Não concebo imaginar sem uma imagem e não sei se sou afortunado ou limitado pela minha visão. Vi dois cegos que imaginei como um pai e uma filha cegos da sua cegueira e avançando de braço dado sem medo de superar os obstáculos que a vida ou o acaso ou o que foi que o destino ou o acidente lhes colocou no caminho porque é preciso avançar para poder chegar a algum lado. Não consigo imaginar uma imagem porque a vejo e não sei se nesta minha limitação não perdi espaço para a minha imaginação. Estou condicionado pelo preconceito de cores que não imagino porque as vejo e que me impõem reacções de avançar ou hesitar ou parar.
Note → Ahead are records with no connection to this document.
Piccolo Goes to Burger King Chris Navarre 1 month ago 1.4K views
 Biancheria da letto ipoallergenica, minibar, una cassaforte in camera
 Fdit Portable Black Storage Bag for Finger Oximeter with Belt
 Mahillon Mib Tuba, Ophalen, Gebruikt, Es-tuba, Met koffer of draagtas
A minha cegueira não é física é uma cegueira de ignorância e não tenho com quem a partilhar de braço dado e sinto vontade de falar com aqueles cegos. Queria perceber como ouvem as cores e as cheiram e as sentem com a pele dos dedos. Queria poder apagar todas as cores e imaginá-las de forma diferente, sinto-me egoísta por isso, sinto-me egoísta pela atracção da liberdade da cegueira, sinto-me egoísta porque sinto que aqueles cegos provavelmente dariam tudo para poder ver o que eu vejo e não perceberiam porque quereria eu poder imaginar o que eles não conseguem ver. Fecho os olhos mas a escuridão não me liberta, é apenas escuridão sem nenhuma luz, a imagem do que me rodeia não muda no meu imaginário porque apenas fechei os olhos.

Queria hoje voltar a rebaptizar as cores, imaginar o amarelo do calor do Sol e o azul do som do mar e o verde do cheiro da relva acabada de cortar e o branco do frio da neve e o vermelho da paixão no sentir bater um coração deitado a meu lado na cama. Queria hoje inventar novas cores, a cor do suor, a cor de uma lágrima, a cor de um riso, a cor do amor e a cor do ódio. Queria hoje libertar a minha imaginação de todas as cores que me oprimem e libertar-me desta cegueira que me entra pelos olhos.